### EXERCISE PROMPT
Please repeat the lines below, exactly and only, from the one that holds "2014 Dodge Charger 7th Gen - Image 6 of 9" through the one that holds "Que comecem os".

--- START ---

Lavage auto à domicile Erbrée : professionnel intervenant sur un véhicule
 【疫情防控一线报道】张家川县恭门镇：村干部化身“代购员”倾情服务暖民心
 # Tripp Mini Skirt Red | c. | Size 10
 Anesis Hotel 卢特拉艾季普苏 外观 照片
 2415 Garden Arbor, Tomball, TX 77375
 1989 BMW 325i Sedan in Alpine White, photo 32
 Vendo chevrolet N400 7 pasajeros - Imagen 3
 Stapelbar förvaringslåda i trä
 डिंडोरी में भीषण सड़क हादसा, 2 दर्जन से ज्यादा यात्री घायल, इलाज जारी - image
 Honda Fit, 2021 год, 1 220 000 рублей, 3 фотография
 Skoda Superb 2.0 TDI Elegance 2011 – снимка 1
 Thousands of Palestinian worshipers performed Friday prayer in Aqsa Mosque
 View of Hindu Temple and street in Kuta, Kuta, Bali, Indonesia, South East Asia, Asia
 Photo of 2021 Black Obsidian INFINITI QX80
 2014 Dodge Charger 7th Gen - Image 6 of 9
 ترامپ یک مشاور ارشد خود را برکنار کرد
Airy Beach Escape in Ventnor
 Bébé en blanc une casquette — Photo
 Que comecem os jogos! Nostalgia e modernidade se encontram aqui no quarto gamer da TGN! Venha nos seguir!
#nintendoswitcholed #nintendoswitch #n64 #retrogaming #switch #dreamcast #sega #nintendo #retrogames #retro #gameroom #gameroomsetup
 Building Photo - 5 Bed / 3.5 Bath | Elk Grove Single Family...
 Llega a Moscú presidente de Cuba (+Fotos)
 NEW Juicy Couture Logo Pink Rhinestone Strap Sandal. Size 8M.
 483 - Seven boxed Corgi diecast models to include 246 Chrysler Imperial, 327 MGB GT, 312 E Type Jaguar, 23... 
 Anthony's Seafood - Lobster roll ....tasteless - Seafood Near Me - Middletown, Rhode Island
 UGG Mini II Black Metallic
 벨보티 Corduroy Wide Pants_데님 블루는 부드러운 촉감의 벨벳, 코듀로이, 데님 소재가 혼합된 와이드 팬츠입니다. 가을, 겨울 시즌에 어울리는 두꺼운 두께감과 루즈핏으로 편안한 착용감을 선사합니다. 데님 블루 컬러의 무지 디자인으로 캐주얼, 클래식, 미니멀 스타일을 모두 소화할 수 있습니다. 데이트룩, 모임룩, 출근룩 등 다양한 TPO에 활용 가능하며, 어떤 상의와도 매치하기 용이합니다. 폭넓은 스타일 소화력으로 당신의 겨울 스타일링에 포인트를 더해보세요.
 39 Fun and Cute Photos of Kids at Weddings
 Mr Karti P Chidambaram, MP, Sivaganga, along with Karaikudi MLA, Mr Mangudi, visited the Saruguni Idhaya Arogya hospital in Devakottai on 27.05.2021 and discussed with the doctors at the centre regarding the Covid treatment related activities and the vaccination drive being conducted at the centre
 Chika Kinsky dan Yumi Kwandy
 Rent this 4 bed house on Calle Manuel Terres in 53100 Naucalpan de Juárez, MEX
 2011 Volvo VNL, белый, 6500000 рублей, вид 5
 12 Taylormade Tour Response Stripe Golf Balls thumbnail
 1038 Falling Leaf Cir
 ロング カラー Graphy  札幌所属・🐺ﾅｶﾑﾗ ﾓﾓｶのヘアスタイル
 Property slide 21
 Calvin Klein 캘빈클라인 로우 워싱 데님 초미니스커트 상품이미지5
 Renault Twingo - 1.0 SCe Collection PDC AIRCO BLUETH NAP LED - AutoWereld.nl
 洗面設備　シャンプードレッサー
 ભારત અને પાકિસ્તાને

--- END ---

### WORKED SOLUTION
 2014 Dodge Charger 7th Gen - Image 6 of 9
 ترامپ یک مشاور ارشد خود را برکنار کرد
Airy Beach Escape in Ventnor
 Bébé en blanc une casquette — Photo
 Que comecem os jogos! Nostalgia e modernidade se encontram aqui no quarto gamer da TGN! Venha nos seguir!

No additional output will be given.